Et enfin, enfin, moi, le plus discret des supposés apprentis en sagesse, déjà fou à lier sous une apparence presque placide, ma raie de coiffure sur le côté depuis toujours et encore, lecteur de Shakespeare in extenso la nuit et pendant les récrés, mirliton-poète en herbe et tenant son rôle, appliqué comédien . . . et pour l'instant, très scrupuleusement, la fonction de Grand Prêtre lors de la cérémonie de baptême où les bizuths, dans une salle à peine éclairée à la bougie, venaient me baiser le gros orteil droit de mon pied déchaussé.

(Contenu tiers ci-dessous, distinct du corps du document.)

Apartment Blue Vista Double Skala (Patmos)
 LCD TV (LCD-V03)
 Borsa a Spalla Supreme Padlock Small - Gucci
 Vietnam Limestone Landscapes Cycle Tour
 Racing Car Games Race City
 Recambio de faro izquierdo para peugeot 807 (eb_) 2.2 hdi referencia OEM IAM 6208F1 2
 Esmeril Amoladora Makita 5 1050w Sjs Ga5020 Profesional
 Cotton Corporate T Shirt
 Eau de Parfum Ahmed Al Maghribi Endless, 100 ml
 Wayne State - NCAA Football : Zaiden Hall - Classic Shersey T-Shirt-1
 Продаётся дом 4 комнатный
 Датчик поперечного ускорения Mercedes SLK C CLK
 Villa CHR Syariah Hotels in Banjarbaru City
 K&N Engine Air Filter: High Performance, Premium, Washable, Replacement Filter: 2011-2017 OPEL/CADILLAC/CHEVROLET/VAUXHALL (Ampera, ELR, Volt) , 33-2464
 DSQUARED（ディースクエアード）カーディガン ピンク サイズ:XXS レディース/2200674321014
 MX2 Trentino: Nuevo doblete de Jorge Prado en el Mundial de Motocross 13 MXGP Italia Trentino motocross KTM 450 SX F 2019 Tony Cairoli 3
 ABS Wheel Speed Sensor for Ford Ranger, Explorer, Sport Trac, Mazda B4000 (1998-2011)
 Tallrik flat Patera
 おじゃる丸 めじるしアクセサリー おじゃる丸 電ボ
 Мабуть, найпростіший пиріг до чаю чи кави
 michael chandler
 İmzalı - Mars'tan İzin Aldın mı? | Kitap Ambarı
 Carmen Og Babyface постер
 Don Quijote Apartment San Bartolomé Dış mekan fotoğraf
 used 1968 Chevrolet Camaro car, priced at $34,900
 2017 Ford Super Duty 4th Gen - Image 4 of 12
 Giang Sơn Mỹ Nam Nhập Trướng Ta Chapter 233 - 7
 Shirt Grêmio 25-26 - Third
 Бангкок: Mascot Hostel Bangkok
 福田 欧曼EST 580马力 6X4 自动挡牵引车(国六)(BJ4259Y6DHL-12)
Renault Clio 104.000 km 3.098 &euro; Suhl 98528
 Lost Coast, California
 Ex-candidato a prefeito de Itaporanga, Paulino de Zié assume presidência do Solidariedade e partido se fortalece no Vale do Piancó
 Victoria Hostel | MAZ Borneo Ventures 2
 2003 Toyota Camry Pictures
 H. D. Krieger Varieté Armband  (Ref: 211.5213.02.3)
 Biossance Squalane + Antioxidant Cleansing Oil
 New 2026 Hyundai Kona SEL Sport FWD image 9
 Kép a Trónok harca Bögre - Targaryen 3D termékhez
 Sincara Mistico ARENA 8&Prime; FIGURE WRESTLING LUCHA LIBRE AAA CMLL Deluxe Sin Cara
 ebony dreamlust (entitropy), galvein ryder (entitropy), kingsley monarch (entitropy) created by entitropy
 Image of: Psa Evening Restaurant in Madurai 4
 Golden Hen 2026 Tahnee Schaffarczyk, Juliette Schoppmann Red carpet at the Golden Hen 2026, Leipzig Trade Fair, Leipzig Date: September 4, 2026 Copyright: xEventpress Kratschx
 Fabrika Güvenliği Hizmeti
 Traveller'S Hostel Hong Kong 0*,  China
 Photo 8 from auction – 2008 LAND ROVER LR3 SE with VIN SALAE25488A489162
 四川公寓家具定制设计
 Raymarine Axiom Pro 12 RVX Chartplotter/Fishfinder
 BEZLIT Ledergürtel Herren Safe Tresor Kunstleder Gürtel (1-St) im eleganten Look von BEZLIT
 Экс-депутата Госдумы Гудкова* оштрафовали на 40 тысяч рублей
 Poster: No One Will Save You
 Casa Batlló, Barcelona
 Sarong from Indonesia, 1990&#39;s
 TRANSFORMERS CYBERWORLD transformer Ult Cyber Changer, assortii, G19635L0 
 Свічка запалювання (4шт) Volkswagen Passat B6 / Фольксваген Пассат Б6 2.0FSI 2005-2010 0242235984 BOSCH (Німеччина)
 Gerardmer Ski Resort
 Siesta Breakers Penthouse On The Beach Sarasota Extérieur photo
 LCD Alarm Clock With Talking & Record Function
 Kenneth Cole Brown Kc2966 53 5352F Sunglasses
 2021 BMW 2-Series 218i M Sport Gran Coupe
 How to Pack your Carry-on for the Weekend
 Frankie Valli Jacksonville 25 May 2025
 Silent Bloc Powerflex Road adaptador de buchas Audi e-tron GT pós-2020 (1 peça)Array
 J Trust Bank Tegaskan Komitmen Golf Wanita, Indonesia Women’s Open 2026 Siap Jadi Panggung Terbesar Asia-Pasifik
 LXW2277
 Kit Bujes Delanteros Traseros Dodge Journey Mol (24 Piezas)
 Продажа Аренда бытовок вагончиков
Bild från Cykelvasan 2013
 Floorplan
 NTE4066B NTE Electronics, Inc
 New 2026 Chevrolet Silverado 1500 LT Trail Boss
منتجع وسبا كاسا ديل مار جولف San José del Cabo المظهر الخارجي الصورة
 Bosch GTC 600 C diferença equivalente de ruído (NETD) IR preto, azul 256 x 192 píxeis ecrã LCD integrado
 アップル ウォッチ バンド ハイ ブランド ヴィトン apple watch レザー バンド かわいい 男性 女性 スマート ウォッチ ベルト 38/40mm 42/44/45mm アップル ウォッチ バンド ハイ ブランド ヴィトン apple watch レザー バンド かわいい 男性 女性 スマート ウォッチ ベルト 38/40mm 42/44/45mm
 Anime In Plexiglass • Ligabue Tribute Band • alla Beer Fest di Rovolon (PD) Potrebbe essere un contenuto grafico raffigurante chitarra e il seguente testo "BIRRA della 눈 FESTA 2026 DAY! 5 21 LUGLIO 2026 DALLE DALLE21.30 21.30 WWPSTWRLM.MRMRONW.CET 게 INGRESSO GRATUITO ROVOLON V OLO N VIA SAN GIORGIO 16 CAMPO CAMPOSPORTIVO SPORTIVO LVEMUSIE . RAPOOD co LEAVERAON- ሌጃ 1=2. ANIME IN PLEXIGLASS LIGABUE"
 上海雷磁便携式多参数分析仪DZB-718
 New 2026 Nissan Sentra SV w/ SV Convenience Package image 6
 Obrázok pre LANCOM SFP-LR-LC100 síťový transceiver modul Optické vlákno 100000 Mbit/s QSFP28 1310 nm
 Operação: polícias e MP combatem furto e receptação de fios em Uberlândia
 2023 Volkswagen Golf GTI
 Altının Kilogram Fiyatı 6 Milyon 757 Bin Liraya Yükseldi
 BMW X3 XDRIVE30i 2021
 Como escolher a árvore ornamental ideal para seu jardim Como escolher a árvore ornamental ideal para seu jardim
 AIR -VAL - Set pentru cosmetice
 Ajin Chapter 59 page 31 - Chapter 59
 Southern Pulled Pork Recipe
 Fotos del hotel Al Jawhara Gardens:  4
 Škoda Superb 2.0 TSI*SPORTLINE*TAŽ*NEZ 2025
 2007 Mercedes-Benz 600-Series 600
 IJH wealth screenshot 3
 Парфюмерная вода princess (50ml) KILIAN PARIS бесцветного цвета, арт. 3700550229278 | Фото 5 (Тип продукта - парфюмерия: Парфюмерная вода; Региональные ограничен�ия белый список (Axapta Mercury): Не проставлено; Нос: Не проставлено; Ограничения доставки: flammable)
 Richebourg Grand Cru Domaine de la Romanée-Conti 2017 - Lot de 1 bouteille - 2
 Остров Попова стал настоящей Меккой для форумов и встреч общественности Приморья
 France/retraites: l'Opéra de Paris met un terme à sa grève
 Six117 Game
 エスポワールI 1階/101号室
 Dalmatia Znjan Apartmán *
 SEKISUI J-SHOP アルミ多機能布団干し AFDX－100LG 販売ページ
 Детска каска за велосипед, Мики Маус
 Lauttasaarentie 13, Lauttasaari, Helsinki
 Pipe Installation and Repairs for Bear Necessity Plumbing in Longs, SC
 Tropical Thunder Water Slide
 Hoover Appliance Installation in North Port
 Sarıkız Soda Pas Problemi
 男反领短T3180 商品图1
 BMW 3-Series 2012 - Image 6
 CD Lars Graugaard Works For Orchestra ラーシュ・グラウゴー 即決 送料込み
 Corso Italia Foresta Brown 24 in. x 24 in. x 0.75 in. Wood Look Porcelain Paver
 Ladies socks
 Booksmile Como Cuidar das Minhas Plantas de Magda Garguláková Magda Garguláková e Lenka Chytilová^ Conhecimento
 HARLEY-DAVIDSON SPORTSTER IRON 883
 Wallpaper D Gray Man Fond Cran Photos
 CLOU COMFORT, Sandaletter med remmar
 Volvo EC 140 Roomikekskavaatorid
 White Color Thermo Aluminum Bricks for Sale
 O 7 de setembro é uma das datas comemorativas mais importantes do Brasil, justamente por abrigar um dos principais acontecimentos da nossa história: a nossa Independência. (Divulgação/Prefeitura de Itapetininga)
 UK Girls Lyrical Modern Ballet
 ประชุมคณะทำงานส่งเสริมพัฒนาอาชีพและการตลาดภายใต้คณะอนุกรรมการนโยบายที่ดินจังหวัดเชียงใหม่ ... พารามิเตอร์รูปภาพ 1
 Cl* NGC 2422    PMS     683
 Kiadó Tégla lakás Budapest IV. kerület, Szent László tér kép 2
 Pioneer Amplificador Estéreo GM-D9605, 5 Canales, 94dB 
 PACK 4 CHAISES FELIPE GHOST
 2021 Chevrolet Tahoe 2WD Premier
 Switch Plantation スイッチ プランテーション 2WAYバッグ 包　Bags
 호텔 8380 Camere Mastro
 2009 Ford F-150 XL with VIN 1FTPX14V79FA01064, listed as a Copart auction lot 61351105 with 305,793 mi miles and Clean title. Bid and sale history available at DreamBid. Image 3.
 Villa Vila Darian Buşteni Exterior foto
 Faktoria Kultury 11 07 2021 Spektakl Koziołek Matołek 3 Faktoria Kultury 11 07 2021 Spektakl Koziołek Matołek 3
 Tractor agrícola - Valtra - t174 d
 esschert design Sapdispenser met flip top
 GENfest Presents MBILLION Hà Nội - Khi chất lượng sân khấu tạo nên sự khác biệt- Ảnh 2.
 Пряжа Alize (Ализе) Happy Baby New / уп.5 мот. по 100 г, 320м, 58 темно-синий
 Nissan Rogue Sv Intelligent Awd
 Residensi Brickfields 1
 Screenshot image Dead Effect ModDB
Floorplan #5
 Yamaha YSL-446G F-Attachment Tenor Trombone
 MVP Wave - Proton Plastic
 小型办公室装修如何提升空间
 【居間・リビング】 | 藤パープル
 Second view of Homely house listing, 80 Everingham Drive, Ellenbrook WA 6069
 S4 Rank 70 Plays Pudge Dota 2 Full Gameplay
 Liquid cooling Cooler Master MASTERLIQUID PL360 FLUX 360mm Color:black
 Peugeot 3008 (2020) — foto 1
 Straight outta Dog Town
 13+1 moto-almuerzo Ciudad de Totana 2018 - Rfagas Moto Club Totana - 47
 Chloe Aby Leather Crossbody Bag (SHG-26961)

Le quatuor ainsi formé par le hasard n'avait à vrai dire aucune unité réelle sauf celle imposée par la réclusion, les promenades en rond dans la cour agrémentées d'évasions et d'éventuels combats exclusivement défensifs avec les Cirards ou les Taupins (promis à des écoles militaires ou d'ingénieurs) qui avaient un goût du bizutage plus "rude" et corporel, voire punitif que les variétés du nôtre faites de grosses blagues et canulards au long cours, inspirés de la déjà longue tradition des toits de la rue d'Ulm ! et les virées au Petit Louis, sacrebleu ! au cœur des ruelles étroites et pavées du Vieux Toulouse, pour la tournée de verres de muscat avant séparation et découverte du monde en solitaires, aventuriers gauches et naïfs. Et aussi, l'échange en même temps que celle des gros dictionnaires, du tabac brun de pipe, des Gauloises ou Gitanes, seules drogues d'époque, au moins pour trois d'entre nous, le quatrième étant allergique aux fumeries et fumettes; mais nous nous serions battus jusqu'au bout pour défendre l'un de nos frère en réclusion.